Best for: Structure-based virtual screening where the goal is to find compounds that reproduce the exact three-dimensional binding geometry of a known reference ligand.

Computing SPLIF with ODDT

# SPLIF is also available through ODDT
splif = fps.SPLIF(ligand, receptor, depth_ligand=1, depth_protein=1, size=4096)

SPLIF vectors tend to be sparser than PLEC, reflecting its focus on discrete interaction sites rather than extended chemical environments. When comparing poses against a reference, the Tanimoto similarity between SPLIF vectors is a meaningful geometric similarity score.

from oddt.utils import binary_tanimoto

reference_splif = fps.SPLIF(reference_ligand, receptor)
similarity = binary_tanimoto(splif, reference_splif)
print(f"Geometric similarity to reference: {similarity:.3f}")

E3FP: Extended 3-Dimensional FingerPrint

E3FP adapts the circular fingerprint framework into three-dimensional space. Instead of radiating outward through bonds in a molecular graph, it radiates outward from atoms through Euclidean space, capturing the overall conformational shape and pharmacophore features of a specific molecular pose.

Two compounds with identical 2D structures but different 3D conformations will produce distinct E3FP fingerprints. This makes it sensitive to conformation in a way that ECFP-based fingerprints are not.

Best for: Ligand-based virtual screening and scaffold-hopping—finding molecules with similar three-dimensional shapes and electronic properties even when their two-dimensional structures look entirely different.

Computing E3FP

# Install e3fp: pip install e3fp
from e3fp.pipeline import fprints_from_mol
from rdkit import Chem
from rdkit.Chem import AllChem

# Load mol with a 3D conformer
mol = Chem.MolFromSmiles('your_smiles_here')
mol = Chem.AddHs(mol)
AllChem.EmbedMolecule(mol, AllChem.ETKDGv3())
AllChem.MMFFOptimizeMolecule(mol)

# Generate E3FP fingerprints for all conformers
fprints = fprints_from_mol(mol, fprint_params={'bits': 4096, 'level': 5})

# Convert to dense array for ML
import numpy as np
e3fp_array = np.array(fprints[0].to_vector(sparse=False), dtype=np.float32)

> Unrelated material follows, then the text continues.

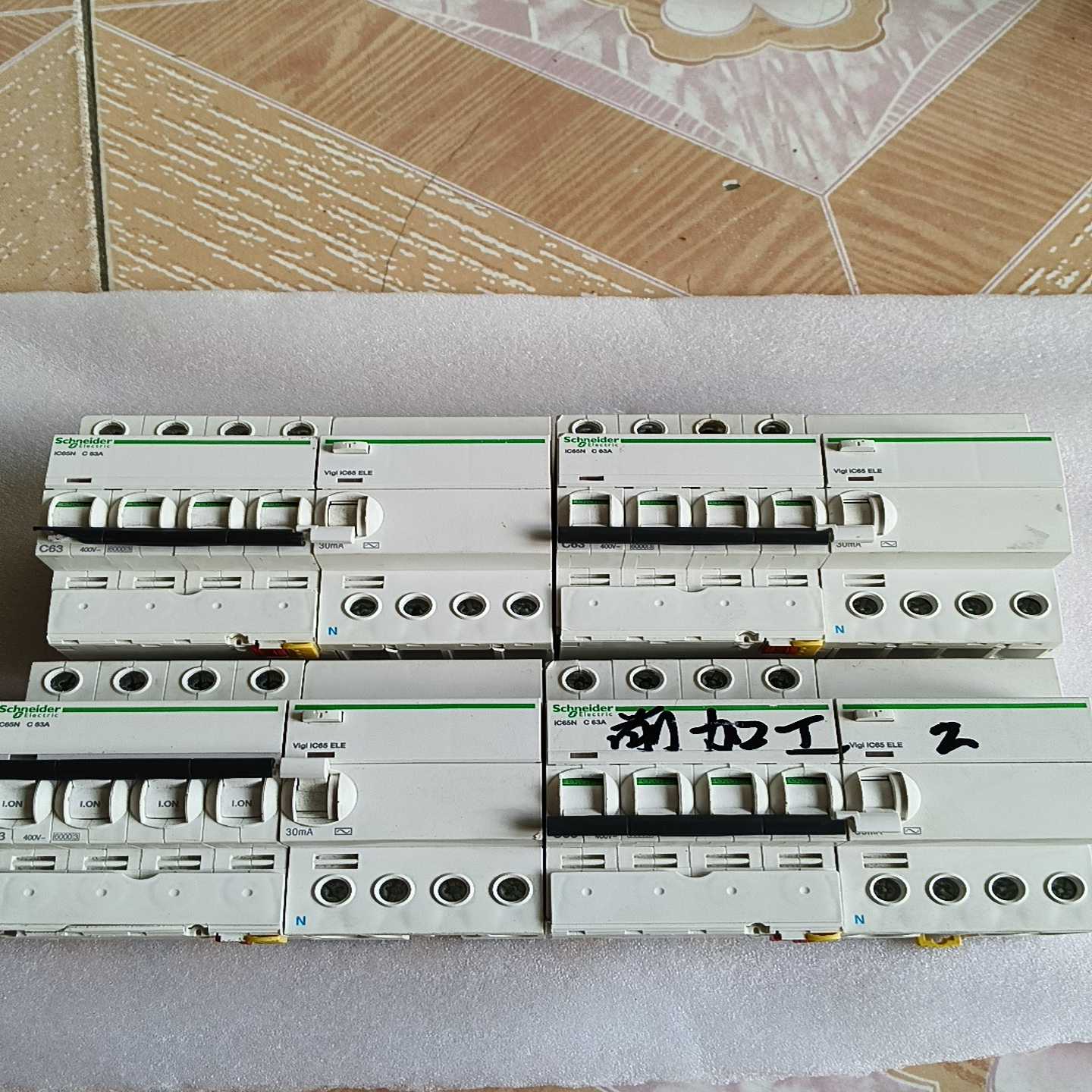 议价施I65，6断路器一共4个。全部是上面接线，下适用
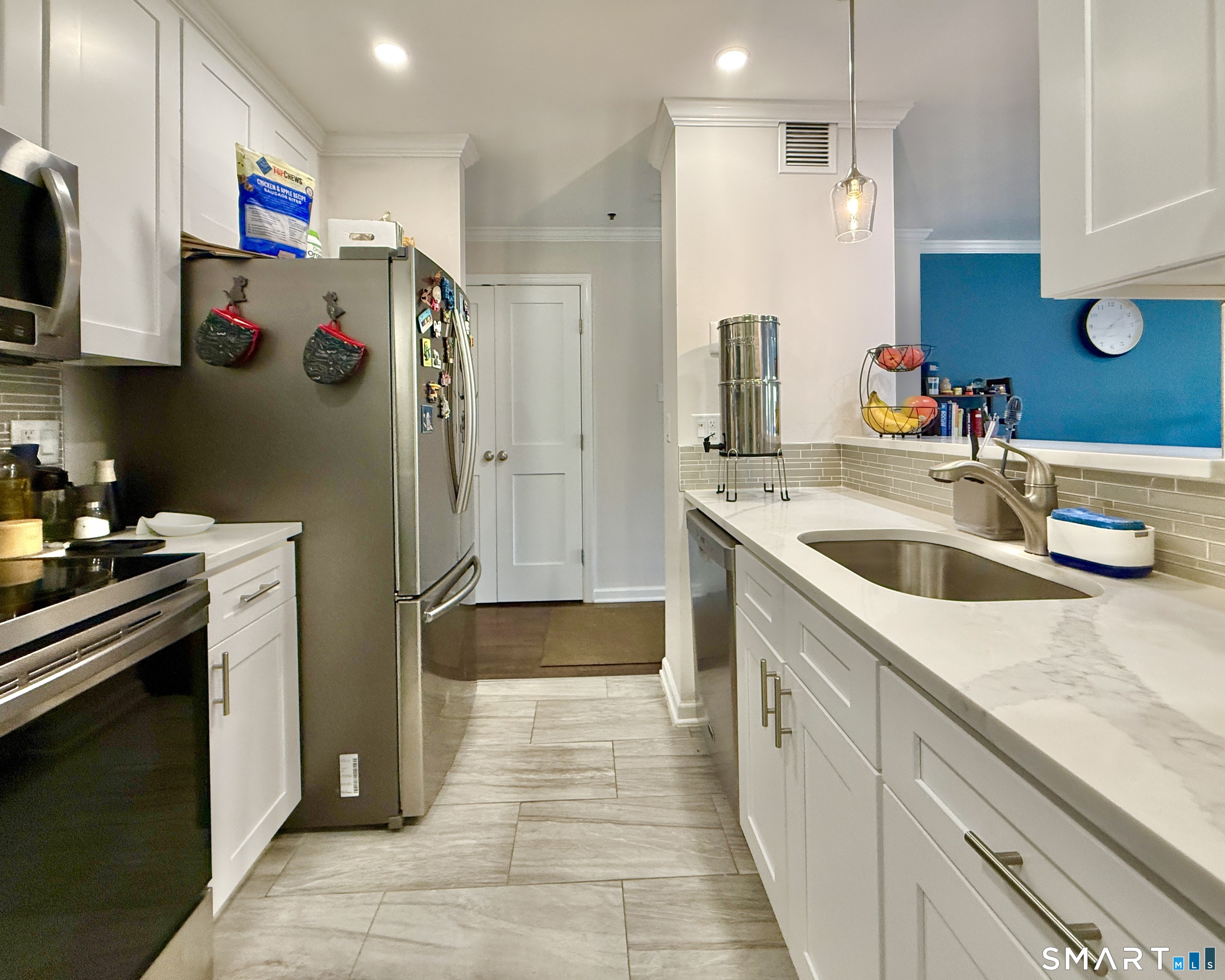 970 Hope Street, Unit 5E Stamford, CT 06907 - Photo 4 of 22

For ensemble docking pipelines where multiple poses are generated per ligand, you can aggregate E3FP fingerprints across conformers before feeding them to an ML model:

# Mean-pool across poses — preserves pharmacophoric signal while reducing noise
fprint_arrays = [np.array(fp.to_vector(sparse=False)) for fp in fprints]
e3fp_consensus = np.mean(fprint_arrays, axis=0)

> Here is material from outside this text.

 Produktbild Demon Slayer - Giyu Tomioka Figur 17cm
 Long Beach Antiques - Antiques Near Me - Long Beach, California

Choosing the Right Representation

The choice between these methods is not purely a performance question—it is a question about what your model needs to learn.

	PLEC	SPLIF	E3FP
Perspective	Protein + Ligand	Protein + Ligand	Ligand only
Encodes	Contact chemistry	Spatial geometry	Shape + pharmacophore
Handles ensemble noise	Well	Moderate	Requires aggregation
Primary use case	Reactivity / affinity	Geometric screening	Ligand-based VS

Ensemble docking complicates the picture slightly. When poses are sampled across multiple receptor conformations, the fingerprint you choose needs to be robust enough to tolerate conformational noise while still preserving the signal relevant to your prediction task. Interaction fingerprints like PLEC tend to be more tolerant of this variability because the protein environment provides an additional frame of reference that stabilizes the encoding across conformers.

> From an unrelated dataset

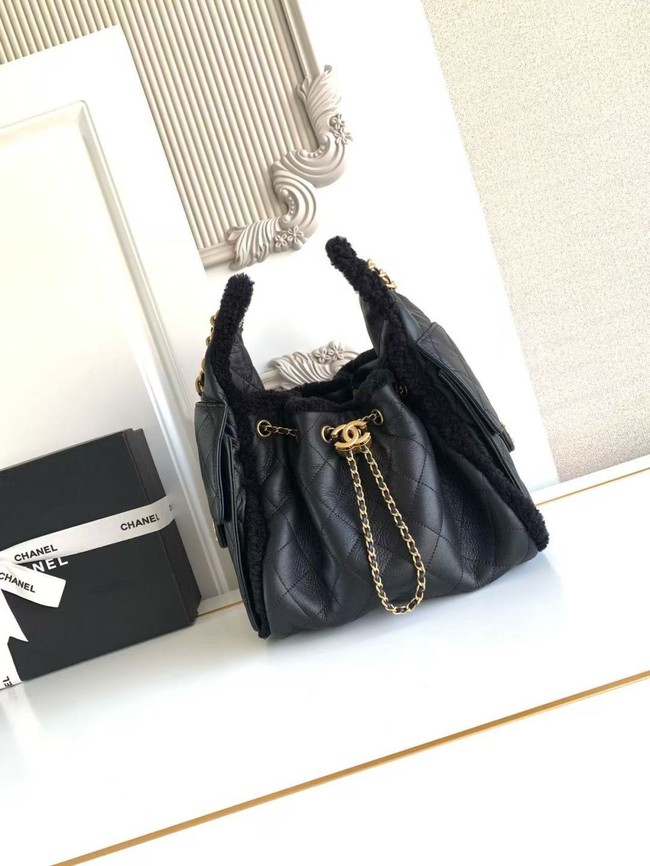 CHANEL 25 SMALL HANDBAG Crumpled Shearling Sheepskin AS5293 black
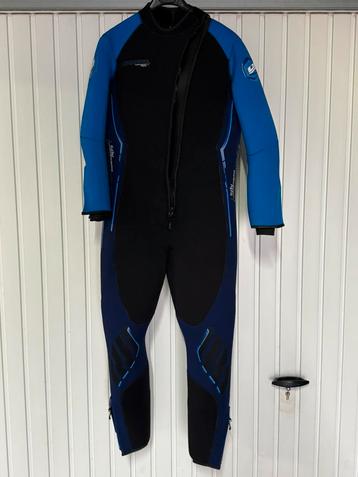 Duikpak Camaro evostretch alpha 7 - maat 27 - XLS beschikbaar voor biedingen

No fingerprint method captures everything. The highest-performing pipelines almost always combine a primary fingerprint with domain-specific hand-crafted features. Before committing to a single representation, it is worth profiling which structural features your model is actually learning to use—the answer often reveals gaps that a targeted descriptor can fill more efficiently than switching fingerprint methods entirely.

Conclusion

Two-dimensional fingerprints will remain useful for fast, ligand-only screening where speed and corpus size matter most. But for tasks where the binding geometry is the phenomenon under study, moving to 3D interaction representations is a prerequisite for building models that are learning the right thing.

PLEC, SPLIF, and E3FP each occupy a distinct niche: contact chemistry, geometric mimicry, and conformational shape respectively. Matching the fingerprint to the modeling task—rather than defaulting to whatever is most convenient—is one of the higher-leverage decisions in building a QSAR pipeline.